__EXERCISE MATERIAL__:
● ● ● ● ●
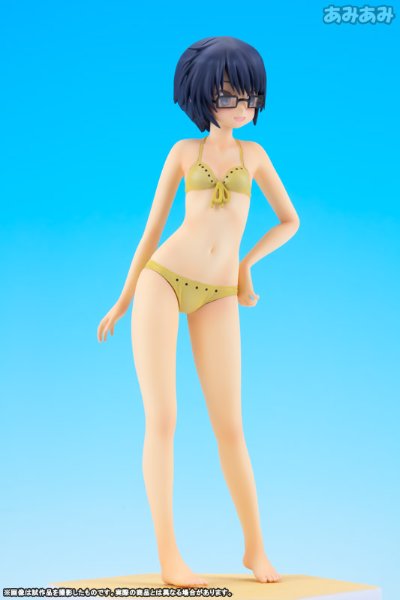 BEACH QUEENS 向阳素描×蜂窝 沙英 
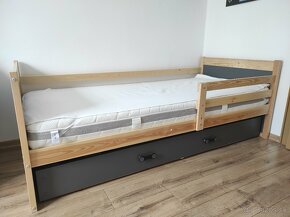 Detská posteľ so zábranou a úložným priestorom - 3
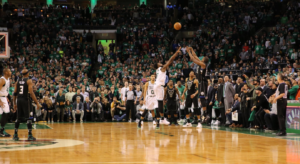 NBA – Top 10 de la nuit : Middleton au buzzer !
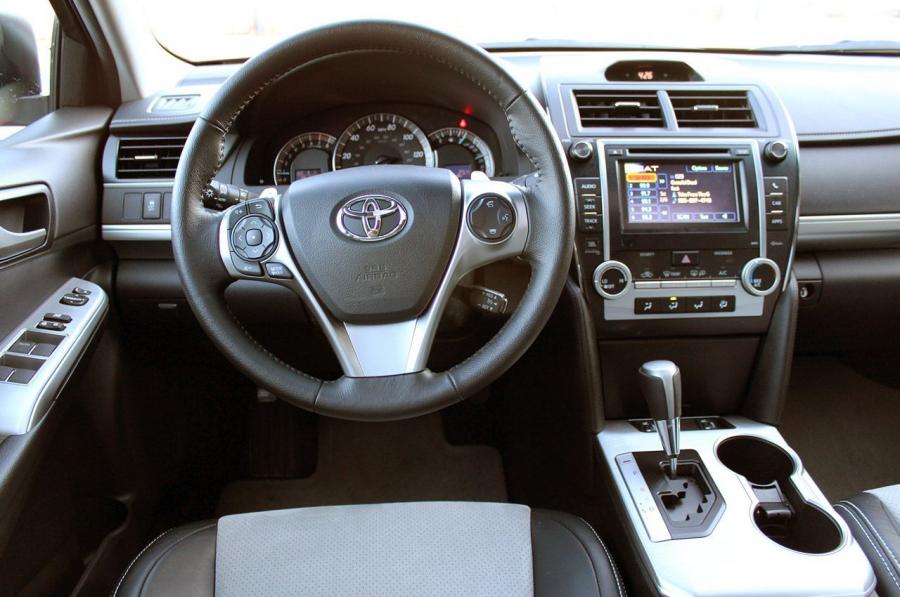  Toyota Camry SE V6 2012 года  (фото 24 из 37)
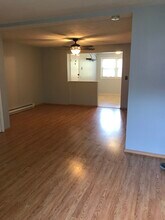 53 Hiltbrand Rd, Unit 3-11 in Bristol, CT - Building Photo - Building Photo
● ● ● ● ●
__PROBLEM DETAILS__: A verbatim copy of every record above is required, with all pictures omitted.

__PROBLEM SOLUTION__:
 BEACH QUEENS 向阳素描×蜂窝 沙英 
 Detská posteľ so zábranou a úložným priestorom - 3
 NBA – Top 10 de la nuit : Middleton au buzzer !
  Toyota Camry SE V6 2012 года  (фото 24 из 37)
 53 Hiltbrand Rd, Unit 3-11 in Bristol, CT - Building Photo - Building Photo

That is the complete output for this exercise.